Misaki Kawai‘s work is insane. In a good way. When Sweden’s LOYAL gallery sent us these images from her new solo show, “Wet Shiny Surprise,” we were taken with their use of geometry and pattern — not to mention their resemblance to Memphis design — but we had no idea the Japanese-born, New York–based artist also made paintings of weightlifting robots, surfing octopuses, and people pooping in the woods. What unites all of Kawai’s art, from the beautiful to the bizarre, is her talent for blending childlike imagery with absurdist humor, a quality she suspects might have something to do with spending her childhood in Osaka, the center of Japan’s comedy scene. But to the extent that her pieces seem like windows onto a strange and addictive parallel world, she gets most of her inspiration from navigating this one: After a post-graduate trip to Turkey, Nepal, and Thailand left her “greatly influenced by handmade dolls, textiles, and low-quality manufactured objects,” Kawai began traveling regularly, collecting both physical and experiential scraps and incorporating them into her paintings and sculptures. When we interviewed her for this story, she had just finished opening the show at LOYAL and had moved on to Beijing and Mongolia, where she was riding camels and investigating the local dress. What she’ll do with that fodder, we can only imagine.

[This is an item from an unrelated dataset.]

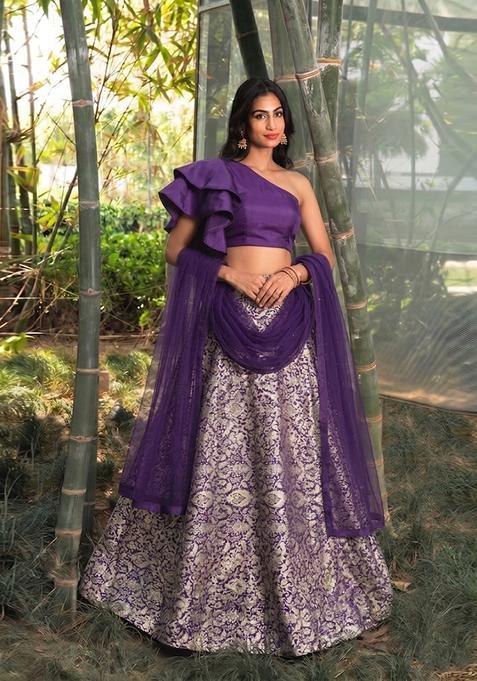 Purple Silk Blend Brocade Lehenga Set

Your father was an architect — are you inspired by any design or decorative arts movements? These paintings have a post-modernist look.
“I like design but I don’t know anything about it. Probably I’ve seen some simple ’80s designs somewhere… And I like the Memphis, Tennessee song.”

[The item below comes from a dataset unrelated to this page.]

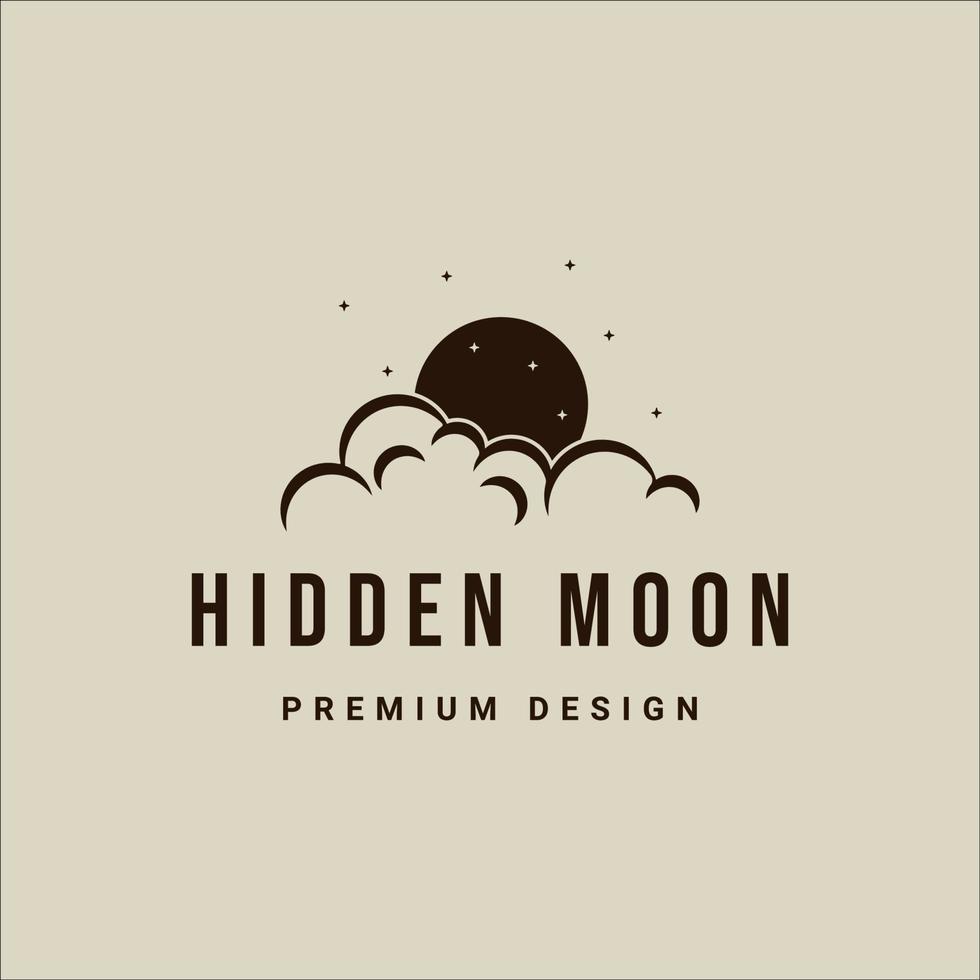 lune avec logo vectoriel nuage design graphique d'icône de modèle d'illustration minimaliste vintage. lunaire avec signe astrologique ou symbole avec un style rétro simple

What role does pattern play in these pieces?
“Maybe as germs on his sweater?”
What’s your process for creating these characters? Do they start out as simple shapes and then gain a personality? Or do you start with a story and then try to bring it to life?
“I play with simple shapes and then add some nice hair styles, peanut men, etc. Keeping them simple and abstract adds more mystery, so anyone looking at the piece can start to wonder about it. That way is more fun than creating a story behind each work.”

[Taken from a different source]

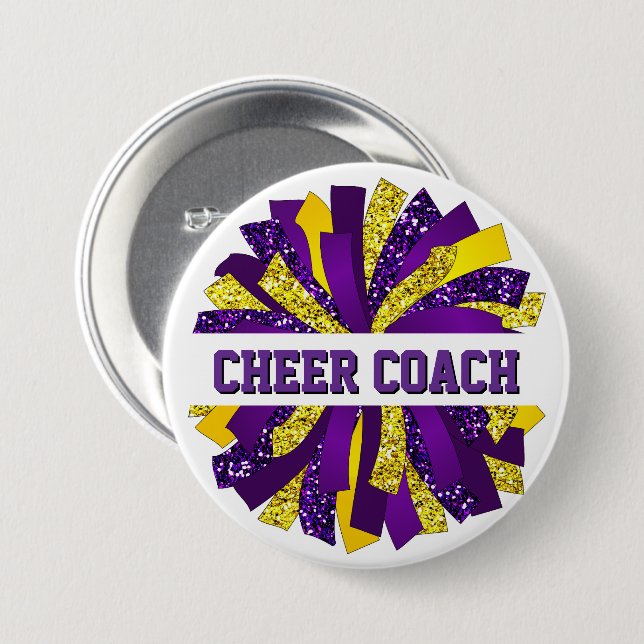 Cheer Coach Button Pin (Front & Back)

Tell me a bit about the materiality of the paintings, and how you incorporated 3-D elements like bits of yarn or paper. How were the colorful rag borders made?
“My drawings are always simple. So I started to think I could make some minimal works that use other materials as well. I traveled to Asia at the beginning of this year and collected things like fabric from a little village in the south of China, Tibetan traditional fabrics, Nepali rice bags, school paper from India, and Thai minority people’s costumes. I also had some findings from flea markets in Sweden. I chop them and glue them all together. I’m always looking for materials wherever I go. Last week I was in Beijing and an old homeless woman was selling uncut sheets of crazy-color printed game cards — that was all she had with her, and I got them all. For me, low-quality materials have more character than perfect materials.”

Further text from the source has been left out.